* _What you are asked to do_: What is needed is a word-for-word copy of the lines below from the one with "Djerf avenue, Favorite" through the one with "Thirty-One Consultant Supplies", both included, with every picture left out.

Source records Start Marker

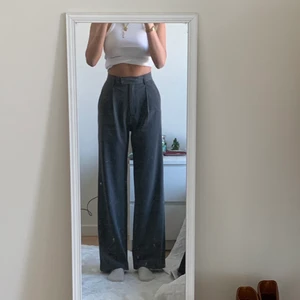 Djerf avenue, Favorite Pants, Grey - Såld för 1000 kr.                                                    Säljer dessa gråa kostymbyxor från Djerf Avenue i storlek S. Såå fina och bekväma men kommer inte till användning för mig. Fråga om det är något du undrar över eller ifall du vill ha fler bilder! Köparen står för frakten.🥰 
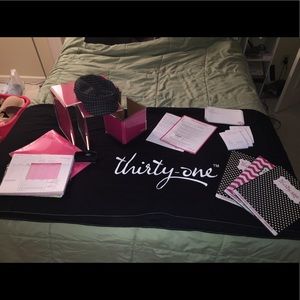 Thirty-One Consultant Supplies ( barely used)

Source records End Marker
Source records Start Marker

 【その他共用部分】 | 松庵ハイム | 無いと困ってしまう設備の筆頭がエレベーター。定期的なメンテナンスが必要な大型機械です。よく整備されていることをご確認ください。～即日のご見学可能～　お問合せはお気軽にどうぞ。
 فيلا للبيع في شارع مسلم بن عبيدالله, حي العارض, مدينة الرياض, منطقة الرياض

Source records End Marker
Source records Start Marker

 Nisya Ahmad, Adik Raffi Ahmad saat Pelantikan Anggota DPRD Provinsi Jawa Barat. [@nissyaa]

Source records End Marker

* _Result of this task_:
 Djerf avenue, Favorite Pants, Grey - Såld för 1000 kr.                                                    Säljer dessa gråa kostymbyxor från Djerf Avenue i storlek S. Såå fina och bekväma men kommer inte till användning för mig. Fråga om det är något du undrar över eller ifall du vill ha fler bilder! Köparen står för frakten.🥰 
 Thirty-One Consultant Supplies ( barely used)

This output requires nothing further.